• **Exercise objective**
Show every line of the data below that includes the word "Lightning".

Dataset records
━━━
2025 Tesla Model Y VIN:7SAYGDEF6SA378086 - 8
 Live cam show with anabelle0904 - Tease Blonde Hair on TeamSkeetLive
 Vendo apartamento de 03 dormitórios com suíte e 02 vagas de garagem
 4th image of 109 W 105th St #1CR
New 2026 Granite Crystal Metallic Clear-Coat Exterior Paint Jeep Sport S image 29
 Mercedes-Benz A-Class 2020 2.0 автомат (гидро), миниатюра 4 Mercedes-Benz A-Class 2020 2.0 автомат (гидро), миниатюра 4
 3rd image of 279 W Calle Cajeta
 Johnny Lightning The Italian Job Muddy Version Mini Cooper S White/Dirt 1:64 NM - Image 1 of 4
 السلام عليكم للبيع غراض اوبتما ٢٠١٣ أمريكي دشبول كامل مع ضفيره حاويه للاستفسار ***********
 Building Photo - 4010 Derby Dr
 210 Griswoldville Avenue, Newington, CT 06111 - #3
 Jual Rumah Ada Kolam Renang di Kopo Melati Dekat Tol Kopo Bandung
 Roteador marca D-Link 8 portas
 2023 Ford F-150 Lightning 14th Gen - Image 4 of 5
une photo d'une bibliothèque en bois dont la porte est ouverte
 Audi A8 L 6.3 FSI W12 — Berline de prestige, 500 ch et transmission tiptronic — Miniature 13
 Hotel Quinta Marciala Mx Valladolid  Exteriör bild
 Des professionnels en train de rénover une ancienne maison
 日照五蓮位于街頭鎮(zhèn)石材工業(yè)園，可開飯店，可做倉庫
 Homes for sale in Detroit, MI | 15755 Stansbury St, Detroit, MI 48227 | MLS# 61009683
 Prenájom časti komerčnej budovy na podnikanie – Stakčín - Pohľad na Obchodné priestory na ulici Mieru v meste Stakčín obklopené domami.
━━━
• **Completed exercise**
 Johnny Lightning The Italian Job Muddy Version Mini Cooper S White/Dirt 1:64 NM - Image 1 of 4
 2023 Ford F-150 Lightning 14th Gen - Image 4 of 5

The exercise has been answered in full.